On Protecting Agentic Systems' Intellectual Property via Watermarking
Liwen Wang 1, Zongjie Li 1, Yuchong Xie 1, Shuai Wang 1, Dongdong She 1, Wei Wang 1, Juergen Rahmel 2
Published on arXiv
2602.08401
Model Theft
OWASP ML Top 10 — ML05
Model Theft
OWASP LLM Top 10 — LLM10
Key Finding
AGENTWM achieves high watermark detection accuracy with negligible impact on agent performance across three complex domains, and adaptive adversaries cannot remove the watermarks without severely degrading the stolen model's utility.
AGENTWM
Novel technique introduced
The evolution of Large Language Models (LLMs) into agentic systems that perform autonomous reasoning and tool use has created significant intellectual property (IP) value. We demonstrate that these systems are highly vulnerable to imitation attacks, where adversaries steal proprietary capabilities by training imitation models on victim outputs. Crucially, existing LLM watermarking techniques fail in this domain because real-world agentic systems often operate as grey boxes, concealing the internal reasoning traces required for verification. This paper presents AGENTWM, the first watermarking framework designed specifically for agentic models. AGENTWM exploits the semantic equivalence of action sequences, injecting watermarks by subtly biasing the distribution of functionally identical tool execution paths. This mechanism allows AGENTWM to embed verifiable signals directly into the visible action trajectory while remaining indistinguishable to users. We develop an automated pipeline to generate robust watermark schemes and a rigorous statistical hypothesis testing procedure for verification. Extensive evaluations across three complex domains demonstrate that AGENTWM achieves high detection accuracy with negligible impact on agent performance.
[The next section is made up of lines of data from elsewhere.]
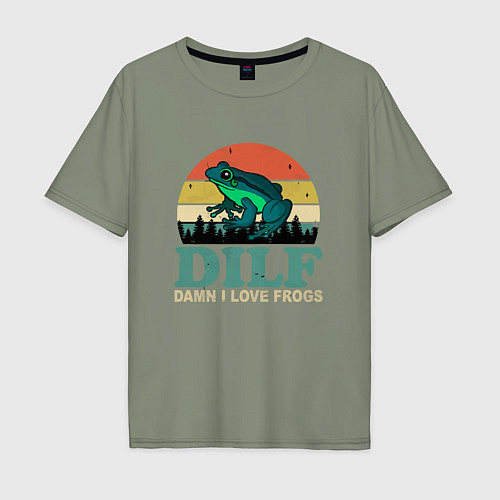 Мужская футболка оверсайз I love frogs / Авокадо – фото 1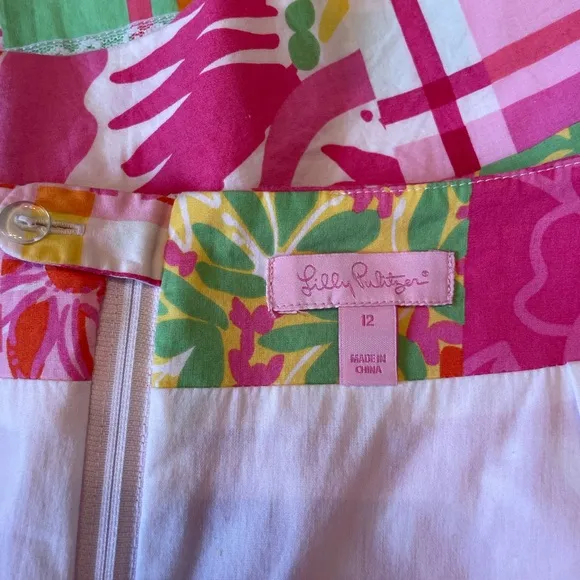 Lilly Pulitzer Pink Orange Cotton Blend Floral Patchwork Lined Skirt Size 12
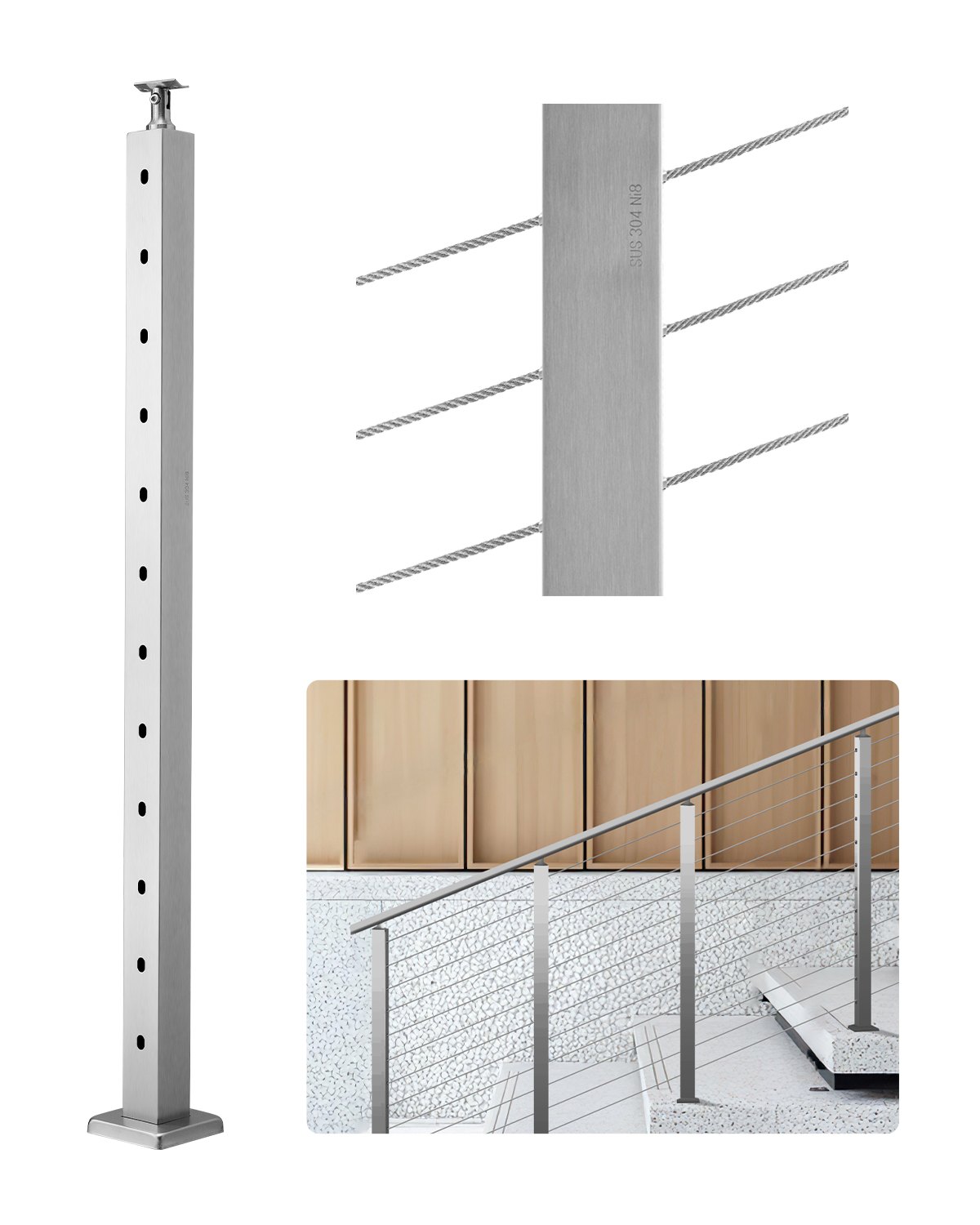 VEVOR Cable Railing Post, 42x2x2 Inch Stair Railing Post, with Pre-Drilled 30° Angled Holes, Stainless Steel Cable Rail Post with Horizontal and Curved Bracket, 1-Pack, Silver, 1JZLGZXYS1062TLWC001V0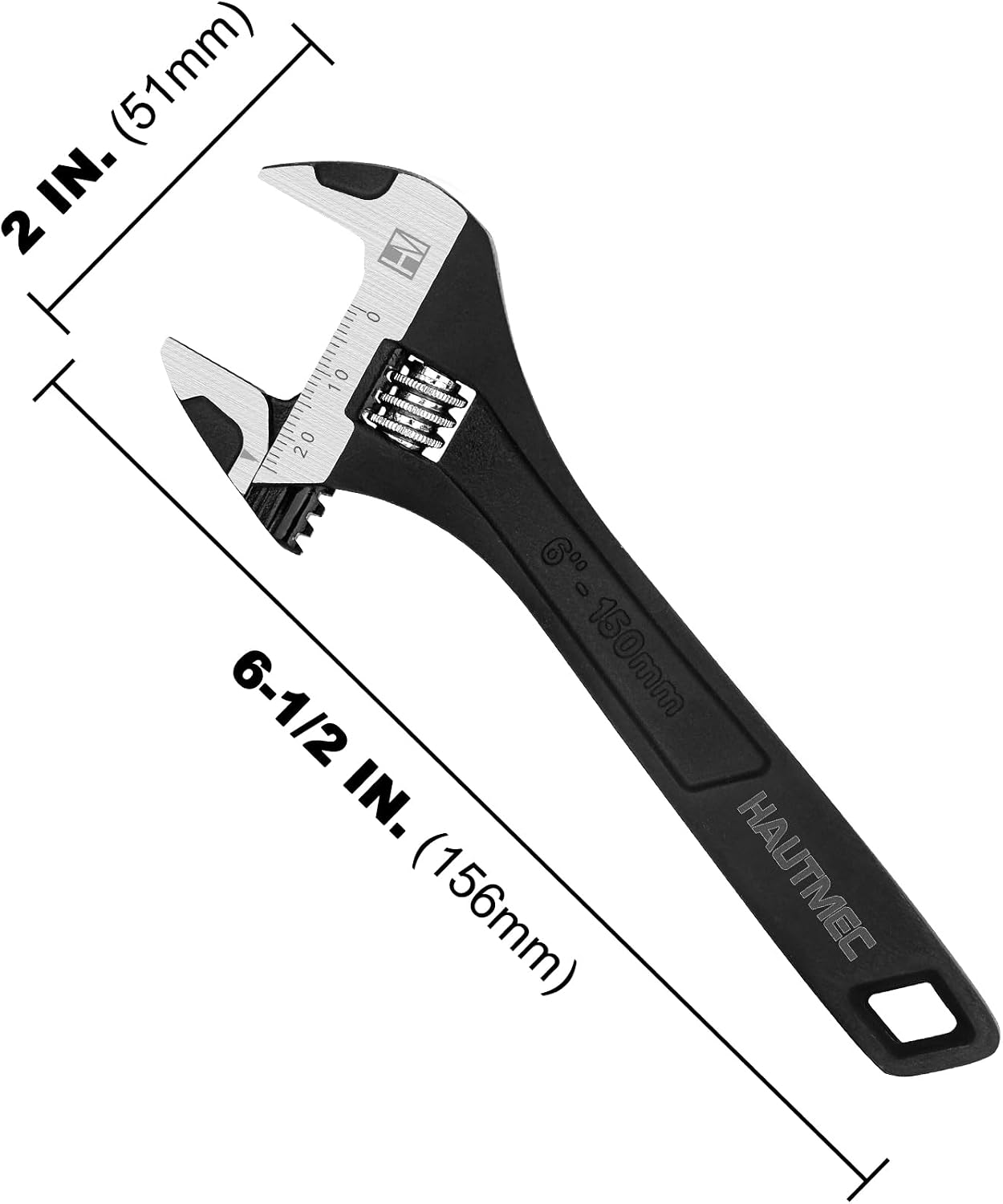 HAUTMEC 6 inch Adjustable Wrench Extra Wide Jaw Black Finish Adjustable Wrenches Drop-Forged CR-V Steel Metric & SAE Scales for Home Garage Workshop DIY - Image 5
Our results confirm that AGENTWM effectively protects agentic IP against adaptive adversaries, who cannot remove the watermarks without severely degrading the stolen model's utility.
Key Contributions
- First watermarking framework specifically designed for agentic LLM systems, addressing the grey-box verification problem where internal reasoning traces are hidden
- Novel mechanism that exploits semantic equivalence of action sequences to embed verifiable watermarks in visible tool execution paths without degrading utility
- Automated pipeline for generating robust watermark schemes with rigorous statistical hypothesis testing, shown effective against adaptive adversaries who cannot remove watermarks without severe performance degradation
🛡️ Threat Analysis
AGENTWM is designed to prove ownership of stolen agentic models — the watermark is injected into the agent's behavioral output distribution (action trajectories) specifically so it transfers to imitation models trained on stolen outputs, enabling detection of model IP theft. This is model ownership watermarking, not content provenance.